Aber hatte Caesar eine Zukunftsvision gehabt, ausser seiner uneingeschränkten Herrschaft? Und hätte nach Caesars Tod nicht ein Mann wie Cicero die Republik in die Zukunft führen können? Caesars Tod habe den 62-jährigen Cicero in der Tat noch einmal zum bestimmenden Faktor im römischen Senat gemacht, erwägt Michael Sommer, schränkt allerdings sofort ein: «Cicero musste aber bald einsehen, dass das ehrwürdige Gremium nicht mehr das Kraftzentrum der römischen Politik war, sondern dass diese Rolle nunmehr die Legionen spielten.»
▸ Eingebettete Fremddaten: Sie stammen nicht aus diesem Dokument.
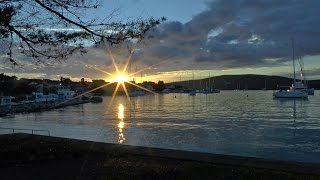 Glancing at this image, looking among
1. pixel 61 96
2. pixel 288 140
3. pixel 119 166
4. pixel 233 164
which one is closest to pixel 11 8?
pixel 119 166

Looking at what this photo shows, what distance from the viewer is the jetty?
11117 millimetres

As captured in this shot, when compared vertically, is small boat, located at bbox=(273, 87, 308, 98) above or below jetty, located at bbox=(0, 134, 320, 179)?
above

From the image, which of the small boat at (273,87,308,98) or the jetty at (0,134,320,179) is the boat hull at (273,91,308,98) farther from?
the jetty at (0,134,320,179)

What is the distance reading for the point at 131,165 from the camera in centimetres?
1341

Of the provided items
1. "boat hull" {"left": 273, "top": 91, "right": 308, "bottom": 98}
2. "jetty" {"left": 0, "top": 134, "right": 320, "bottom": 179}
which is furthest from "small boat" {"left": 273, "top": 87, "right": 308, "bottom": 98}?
"jetty" {"left": 0, "top": 134, "right": 320, "bottom": 179}

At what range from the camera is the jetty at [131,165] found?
11117 mm

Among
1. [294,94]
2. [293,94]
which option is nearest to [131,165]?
[294,94]

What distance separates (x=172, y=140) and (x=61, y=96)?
13286cm

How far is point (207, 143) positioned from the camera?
35.2m

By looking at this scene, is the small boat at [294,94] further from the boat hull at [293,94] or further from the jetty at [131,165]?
the jetty at [131,165]

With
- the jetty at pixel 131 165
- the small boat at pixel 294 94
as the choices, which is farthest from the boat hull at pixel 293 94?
the jetty at pixel 131 165

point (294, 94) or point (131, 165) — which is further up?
point (294, 94)

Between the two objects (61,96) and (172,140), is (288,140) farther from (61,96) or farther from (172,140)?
(61,96)

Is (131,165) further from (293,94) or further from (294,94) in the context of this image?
(293,94) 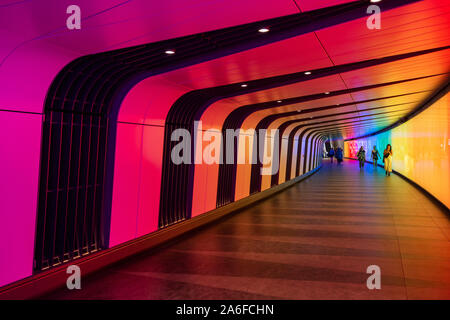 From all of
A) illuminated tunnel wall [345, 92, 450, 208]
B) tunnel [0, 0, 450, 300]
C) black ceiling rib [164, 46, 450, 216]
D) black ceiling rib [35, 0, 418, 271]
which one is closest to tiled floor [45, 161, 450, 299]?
tunnel [0, 0, 450, 300]

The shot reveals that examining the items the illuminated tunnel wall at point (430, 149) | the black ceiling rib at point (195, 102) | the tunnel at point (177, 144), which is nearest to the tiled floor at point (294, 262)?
the tunnel at point (177, 144)

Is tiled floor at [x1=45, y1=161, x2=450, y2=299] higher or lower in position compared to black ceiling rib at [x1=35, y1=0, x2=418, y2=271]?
lower

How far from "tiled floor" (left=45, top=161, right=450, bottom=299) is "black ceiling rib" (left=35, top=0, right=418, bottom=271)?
753 mm

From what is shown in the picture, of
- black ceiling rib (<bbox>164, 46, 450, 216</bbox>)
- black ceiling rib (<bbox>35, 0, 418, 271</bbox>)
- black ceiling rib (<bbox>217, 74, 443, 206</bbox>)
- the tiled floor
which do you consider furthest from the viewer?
black ceiling rib (<bbox>217, 74, 443, 206</bbox>)

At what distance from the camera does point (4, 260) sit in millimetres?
4254

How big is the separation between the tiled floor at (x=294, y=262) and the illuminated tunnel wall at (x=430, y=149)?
1686 mm

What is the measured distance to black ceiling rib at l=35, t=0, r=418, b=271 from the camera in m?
4.78

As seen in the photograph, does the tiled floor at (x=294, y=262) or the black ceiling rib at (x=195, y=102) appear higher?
the black ceiling rib at (x=195, y=102)

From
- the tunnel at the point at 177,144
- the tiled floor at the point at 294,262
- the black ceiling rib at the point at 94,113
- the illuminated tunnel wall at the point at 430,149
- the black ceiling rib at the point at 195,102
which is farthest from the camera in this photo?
the illuminated tunnel wall at the point at 430,149

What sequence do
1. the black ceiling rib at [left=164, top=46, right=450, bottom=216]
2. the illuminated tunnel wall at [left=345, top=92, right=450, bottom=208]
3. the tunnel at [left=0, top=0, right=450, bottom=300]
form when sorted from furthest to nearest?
1. the illuminated tunnel wall at [left=345, top=92, right=450, bottom=208]
2. the black ceiling rib at [left=164, top=46, right=450, bottom=216]
3. the tunnel at [left=0, top=0, right=450, bottom=300]

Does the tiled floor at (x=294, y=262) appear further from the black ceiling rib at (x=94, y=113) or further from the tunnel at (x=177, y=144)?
the black ceiling rib at (x=94, y=113)

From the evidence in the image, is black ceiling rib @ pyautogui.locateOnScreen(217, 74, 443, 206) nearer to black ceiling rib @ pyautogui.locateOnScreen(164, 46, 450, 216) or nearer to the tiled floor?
the tiled floor

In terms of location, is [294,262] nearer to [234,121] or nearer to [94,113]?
[94,113]

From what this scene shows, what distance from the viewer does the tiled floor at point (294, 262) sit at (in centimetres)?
467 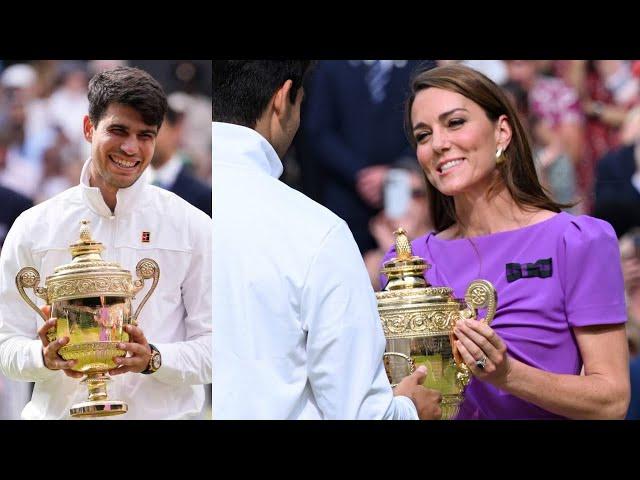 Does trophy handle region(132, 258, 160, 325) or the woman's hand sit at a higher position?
trophy handle region(132, 258, 160, 325)

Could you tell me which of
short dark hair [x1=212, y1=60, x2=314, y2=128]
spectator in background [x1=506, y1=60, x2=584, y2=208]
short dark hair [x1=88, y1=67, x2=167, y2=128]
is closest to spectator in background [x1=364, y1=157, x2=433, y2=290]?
spectator in background [x1=506, y1=60, x2=584, y2=208]

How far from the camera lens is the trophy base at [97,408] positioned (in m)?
3.05

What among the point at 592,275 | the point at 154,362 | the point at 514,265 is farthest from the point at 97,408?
the point at 592,275

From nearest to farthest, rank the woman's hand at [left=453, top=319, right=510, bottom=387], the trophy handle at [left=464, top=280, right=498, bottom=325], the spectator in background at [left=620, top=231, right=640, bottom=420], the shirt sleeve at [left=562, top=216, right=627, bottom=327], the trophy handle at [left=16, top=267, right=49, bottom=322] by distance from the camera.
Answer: the woman's hand at [left=453, top=319, right=510, bottom=387], the trophy handle at [left=464, top=280, right=498, bottom=325], the shirt sleeve at [left=562, top=216, right=627, bottom=327], the trophy handle at [left=16, top=267, right=49, bottom=322], the spectator in background at [left=620, top=231, right=640, bottom=420]

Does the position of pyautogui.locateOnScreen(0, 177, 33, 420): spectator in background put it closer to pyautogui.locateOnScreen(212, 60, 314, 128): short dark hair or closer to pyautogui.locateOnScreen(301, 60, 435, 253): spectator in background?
pyautogui.locateOnScreen(212, 60, 314, 128): short dark hair

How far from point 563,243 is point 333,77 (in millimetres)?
942

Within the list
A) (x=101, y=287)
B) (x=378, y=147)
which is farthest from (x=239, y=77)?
(x=378, y=147)

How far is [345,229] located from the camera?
2449 mm

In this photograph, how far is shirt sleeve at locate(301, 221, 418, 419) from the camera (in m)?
2.37

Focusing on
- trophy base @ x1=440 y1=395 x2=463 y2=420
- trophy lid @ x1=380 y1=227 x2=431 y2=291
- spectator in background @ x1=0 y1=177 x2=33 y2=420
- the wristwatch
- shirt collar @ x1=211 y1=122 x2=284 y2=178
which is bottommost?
trophy base @ x1=440 y1=395 x2=463 y2=420

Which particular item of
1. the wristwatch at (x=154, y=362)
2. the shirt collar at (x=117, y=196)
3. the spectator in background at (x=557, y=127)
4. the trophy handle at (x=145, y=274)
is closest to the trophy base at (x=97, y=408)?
the wristwatch at (x=154, y=362)

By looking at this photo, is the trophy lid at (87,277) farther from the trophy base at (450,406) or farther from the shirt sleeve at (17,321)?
the trophy base at (450,406)

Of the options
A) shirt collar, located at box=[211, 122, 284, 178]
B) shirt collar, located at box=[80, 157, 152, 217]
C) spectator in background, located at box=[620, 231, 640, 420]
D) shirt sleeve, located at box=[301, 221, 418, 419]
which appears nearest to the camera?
shirt sleeve, located at box=[301, 221, 418, 419]

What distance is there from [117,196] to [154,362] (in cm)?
48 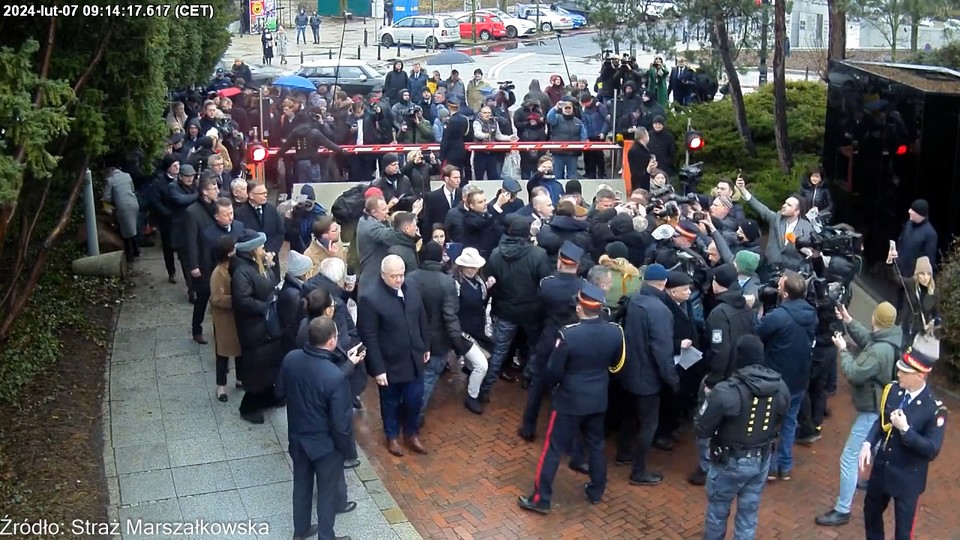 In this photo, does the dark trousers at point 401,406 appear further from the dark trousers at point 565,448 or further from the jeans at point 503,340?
the dark trousers at point 565,448

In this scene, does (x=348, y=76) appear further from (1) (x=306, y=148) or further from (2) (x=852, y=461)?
(2) (x=852, y=461)

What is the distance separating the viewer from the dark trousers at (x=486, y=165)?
1700cm

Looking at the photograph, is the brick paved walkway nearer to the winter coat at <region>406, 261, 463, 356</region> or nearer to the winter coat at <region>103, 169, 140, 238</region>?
the winter coat at <region>406, 261, 463, 356</region>

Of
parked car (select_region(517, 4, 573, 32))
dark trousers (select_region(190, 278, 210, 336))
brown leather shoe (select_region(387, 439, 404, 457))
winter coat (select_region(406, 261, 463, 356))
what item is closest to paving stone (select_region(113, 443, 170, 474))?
brown leather shoe (select_region(387, 439, 404, 457))

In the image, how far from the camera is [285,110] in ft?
57.8

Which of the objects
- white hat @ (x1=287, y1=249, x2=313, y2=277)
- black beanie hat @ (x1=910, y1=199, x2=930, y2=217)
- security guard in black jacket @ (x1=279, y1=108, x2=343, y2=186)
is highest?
security guard in black jacket @ (x1=279, y1=108, x2=343, y2=186)

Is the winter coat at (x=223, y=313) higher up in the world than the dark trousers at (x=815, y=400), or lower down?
higher up

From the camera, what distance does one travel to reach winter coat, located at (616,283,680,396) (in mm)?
8039

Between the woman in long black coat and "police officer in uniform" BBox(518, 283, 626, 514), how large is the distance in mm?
2421

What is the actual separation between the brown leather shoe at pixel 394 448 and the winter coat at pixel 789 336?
3.05 metres

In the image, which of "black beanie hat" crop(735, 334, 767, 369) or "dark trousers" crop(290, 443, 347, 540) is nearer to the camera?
"black beanie hat" crop(735, 334, 767, 369)

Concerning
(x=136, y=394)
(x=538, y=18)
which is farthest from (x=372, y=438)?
(x=538, y=18)

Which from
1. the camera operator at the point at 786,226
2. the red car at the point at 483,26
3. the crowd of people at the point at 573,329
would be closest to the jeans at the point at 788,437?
the crowd of people at the point at 573,329

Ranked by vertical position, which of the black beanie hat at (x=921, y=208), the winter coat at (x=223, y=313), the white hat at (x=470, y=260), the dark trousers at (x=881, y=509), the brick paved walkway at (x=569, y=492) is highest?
the black beanie hat at (x=921, y=208) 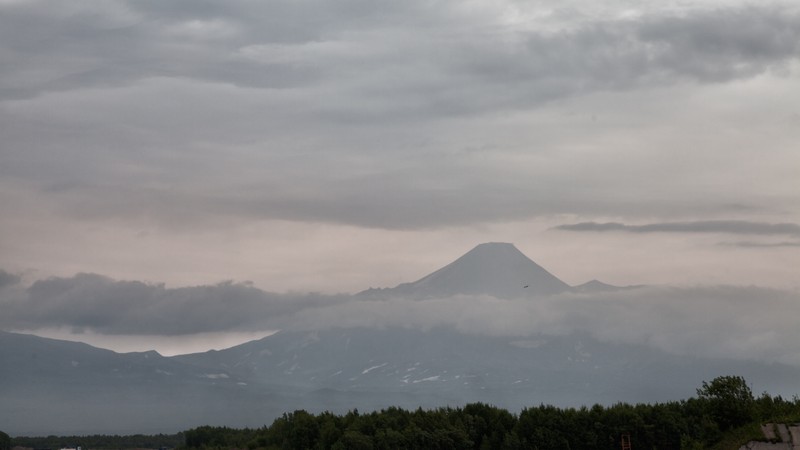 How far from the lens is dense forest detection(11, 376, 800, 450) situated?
10562 cm

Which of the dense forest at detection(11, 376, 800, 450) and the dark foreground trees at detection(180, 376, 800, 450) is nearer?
the dense forest at detection(11, 376, 800, 450)

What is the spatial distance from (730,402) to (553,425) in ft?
55.2

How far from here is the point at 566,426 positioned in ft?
370

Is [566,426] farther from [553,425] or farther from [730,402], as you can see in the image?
[730,402]

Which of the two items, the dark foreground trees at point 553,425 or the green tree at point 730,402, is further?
the dark foreground trees at point 553,425

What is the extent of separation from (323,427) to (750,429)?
148ft

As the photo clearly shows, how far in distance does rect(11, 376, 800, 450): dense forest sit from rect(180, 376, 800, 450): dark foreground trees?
90 millimetres

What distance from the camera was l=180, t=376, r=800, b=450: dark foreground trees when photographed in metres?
107

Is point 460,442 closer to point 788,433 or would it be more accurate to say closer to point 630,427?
point 630,427

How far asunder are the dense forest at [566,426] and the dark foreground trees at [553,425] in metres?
0.09

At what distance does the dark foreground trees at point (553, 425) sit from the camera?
4195 inches

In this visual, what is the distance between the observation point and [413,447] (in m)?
118

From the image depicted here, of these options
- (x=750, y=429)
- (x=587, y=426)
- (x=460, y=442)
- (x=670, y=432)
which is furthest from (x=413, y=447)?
(x=750, y=429)

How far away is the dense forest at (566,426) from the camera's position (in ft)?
347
Cicero wurde auf Befehl des mit Octavian verbündeten Antonius ermordet. Das Schicksal der Republik entschied sich ebenfalls in diesen Jahren der Umwälzung einer althergebrachten Ordnung: Nachdem Antonius beseitigt und Lepidus in einem erniedrigenden Hausarrest kaltgestellt worden war, war der Weg frei für Caesars Grossneffe.

Ein gelehriger Schüler

Michael Sommer zeigt, wie Octavians Aufstieg zum Augustus die Mordsache Caesar zum Abschluss bringt. Gleichzeitig macht er deutlich, wie der Historiker als Ermittler zu Schlüssen kommen kann, die bekannte Tatsachen in ganz neuem Licht erscheinen lassen: «Der alte Caesar», schreibt Sommer, «hatte vorgemacht, wie es nicht geht. Er hatte an alles gedacht, nur nicht an die Ehre der Senatoren. Er hatte vergessen, wie gefährlich beleidigte Männer sind.»

Augustus, der neue Caesar, war skrupellos und kaltschnäuzig: «Aber er war ein gelehriger Schüler», schreibt Sommer. Er verstand es, dem Senat und dem Volk von Rom seine neuartige Form der Monarchie, den Prinzipat, als Wiederherstellung der Republik zu verkaufen. Vor allem: Er beendete den Bürgerkrieg und stellte seine Alleinherrschaft unter den Titel «Pax Augusta», den von Augustus erreichten und garantierten Frieden. Er war der Sieger, der Geschichte schrieb. Das resümiert Michael Sommer nicht mehr als Ermittler, sondern als Historiker.

Michael Sommer: Mordsache Caesar. Die letzten Tage des Diktators. C.-H.-Beck-Verlag, München 2024. 316 S., Fr. 39.90.